- Data -
= = =

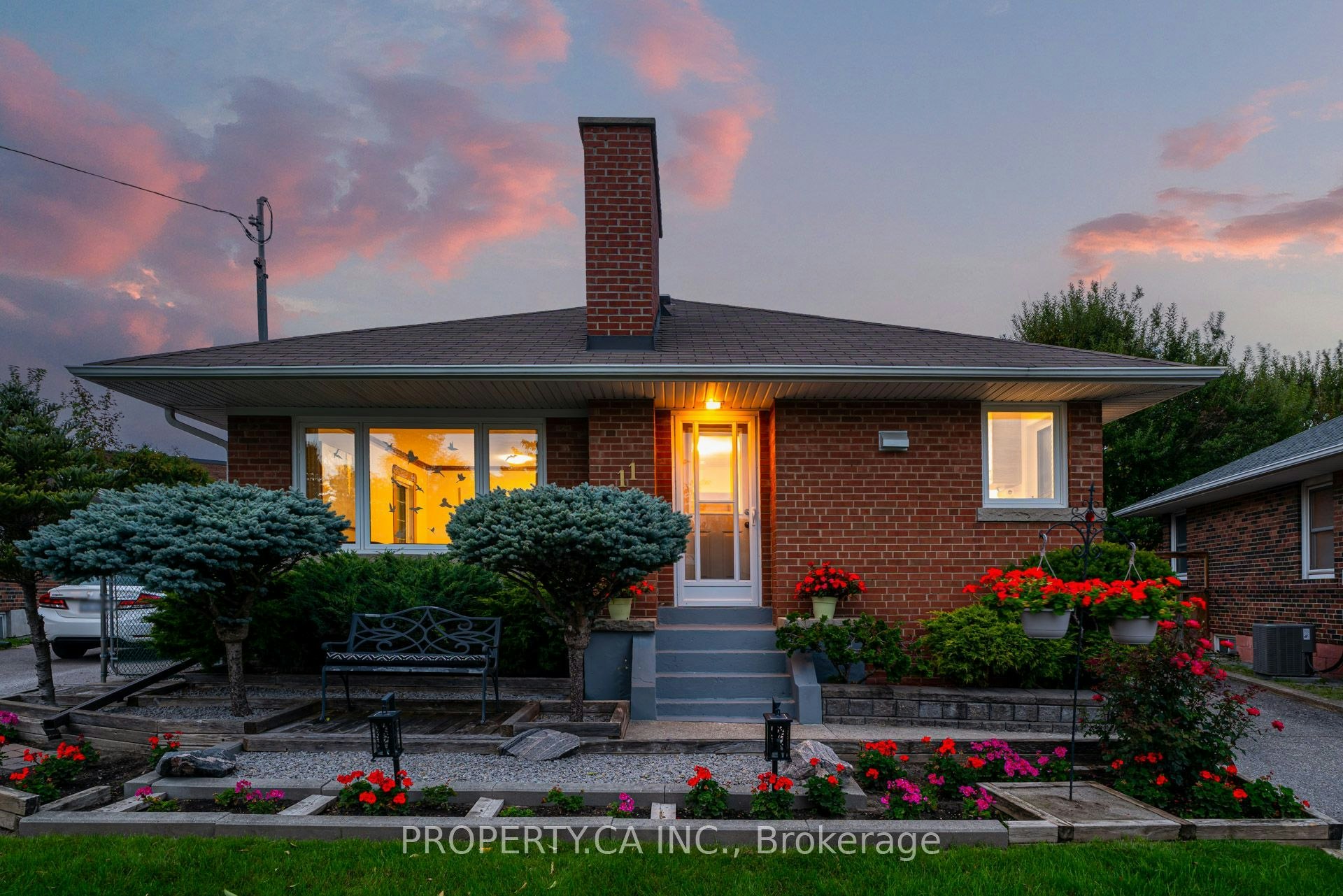 11 Barnsley Court, Toronto, ON, M1R 3X5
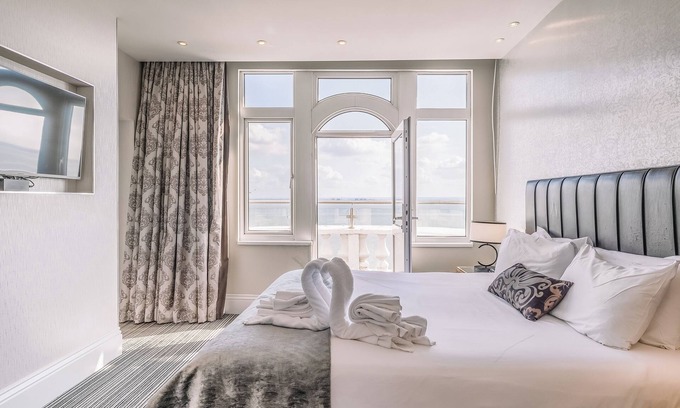 Westcliff-on-Sea Hotel | Historic Cliffside Stay w/Sea Views – Near Beach & Attractions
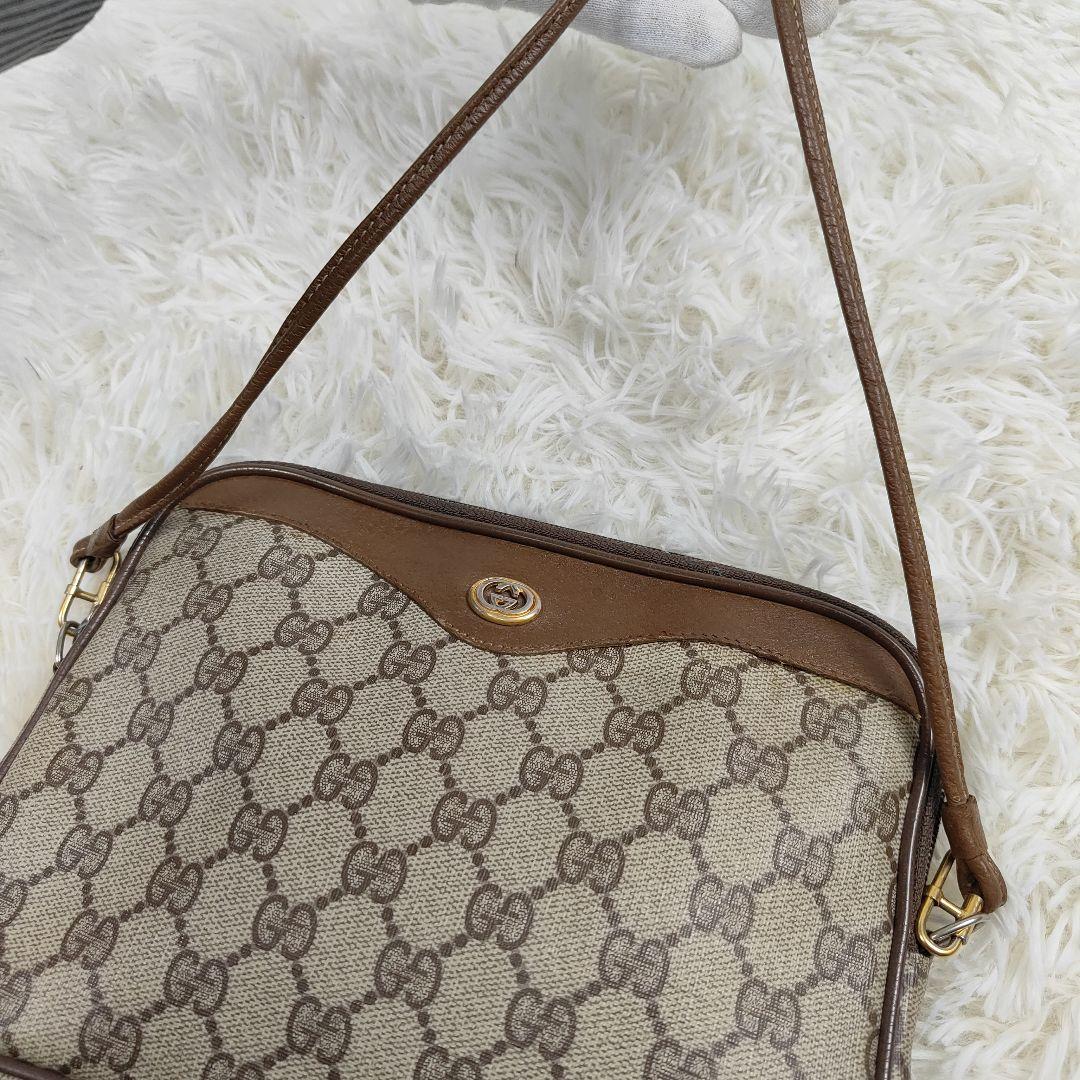 GUCCI　ショルダーバッグ　GGスプリーム　インターロッキング　2way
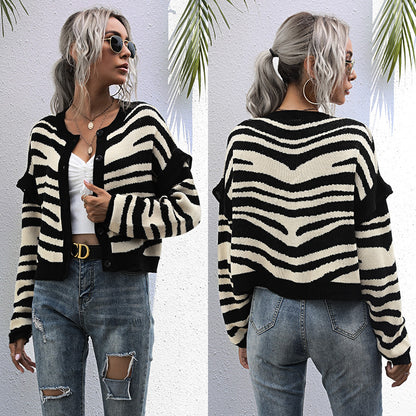 LOVECCR women's clothing Hot new knitted sweater jacket short contrasting stripes splicing cardigan short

= = =

- Task requirements -
Give the data again word for word, without images.

- Output of the task -
 11 Barnsley Court, Toronto, ON, M1R 3X5
 Westcliff-on-Sea Hotel | Historic Cliffside Stay w/Sea Views – Near Beach & Attractions
 GUCCI　ショルダーバッグ　GGスプリーム　インターロッキング　2way
 LOVECCR women's clothing Hot new knitted sweater jacket short contrasting stripes splicing cardigan short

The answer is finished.